Vitamina B2 (Riboflavina): benefícios e fontes alimentares
Vitamina B2 (Riboflavina): benefícios e fontes alimentares
O que é a Vitamina B2 (Riboflavina)

A vitamina B2, também chamada de riboflavina, é uma vitamina hidrossolúvel pertencente ao complexo B. Ela exerce papel central no metabolismo energético celular e em diversas reações de oxirredução que mantêm o organismo funcionando de forma equilibrada. Quimicamente, a riboflavina é formada por um anel isoaloxazina ligado a uma molécula de ribitol, um derivado de ribose com função de álcool.
A coloração amarelo fluorescente característica da molécula deu origem ao nome riboflavina, que vem do latim flavus, que significa amarelo, e da raiz ribo, relacionada ao açúcar ribitol presente em sua estrutura. Essa pigmentação também explica o tom amarelado intenso que a urina pode adquirir após a ingestão de doses elevadas da vitamina.
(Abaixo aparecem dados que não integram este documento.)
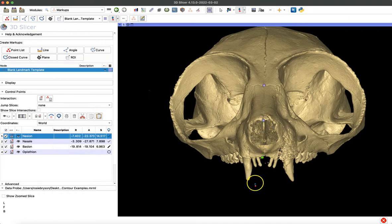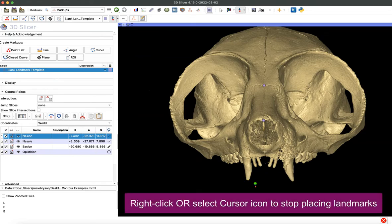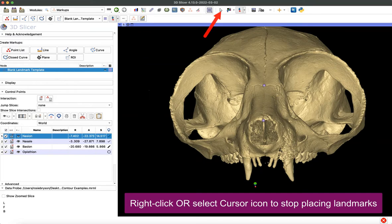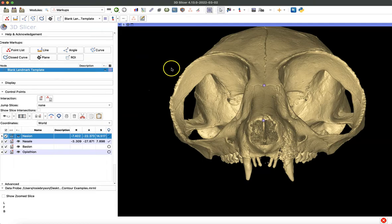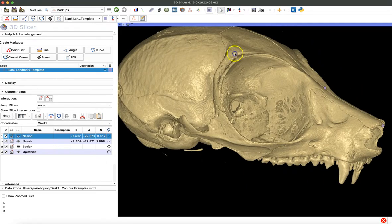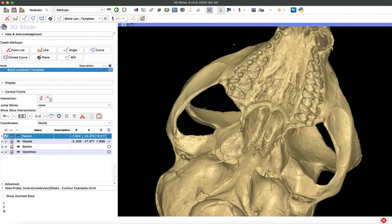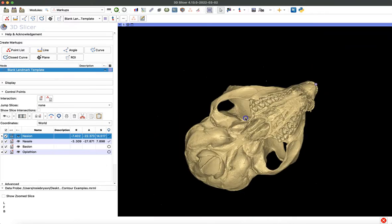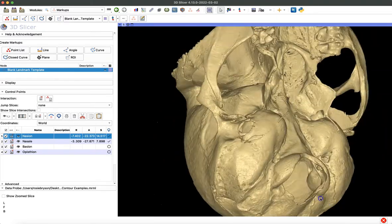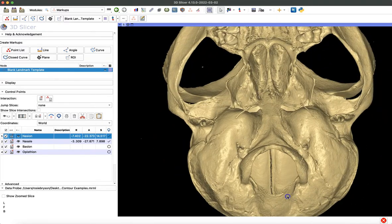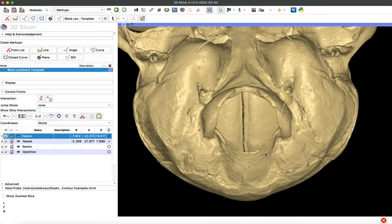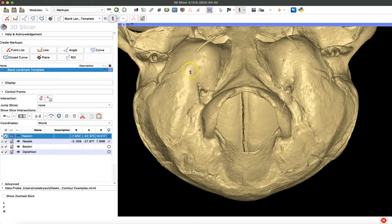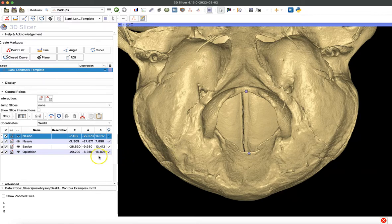In this case, our next points are on the base of the skull, so I want to stop placing landmarks. You can either right-click or use the cursor icon at the top of the screen to stop placing your landmarks. Then you can adjust your model. Here I'm going to rotate to the base of the skull. When I'm in position, I can select that icon again to place my points. Now the first place it'll place a point is for the basion landmark that I've created. Now you can see all my coordinates have been placed.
A riboflavina foi isolada pela primeira vez em 1933 a partir do leite, em estudos conduzidos pelo bioquímico Paul Gyorgy, que mais tarde também identificaria a vitamina B6. Desde então, a importância nutricional dessa vitamina está bem estabelecida e é reconhecida como indispensável para a saúde humana.
Como o corpo humano não produz riboflavina em quantidades suficientes, ela precisa ser obtida por meio da alimentação ou, em casos específicos, por suplementação orientada por profissional de saúde. Por ser hidrossolúvel, o organismo não armazena grandes estoques da vitamina, o que torna o consumo regular especialmente importante.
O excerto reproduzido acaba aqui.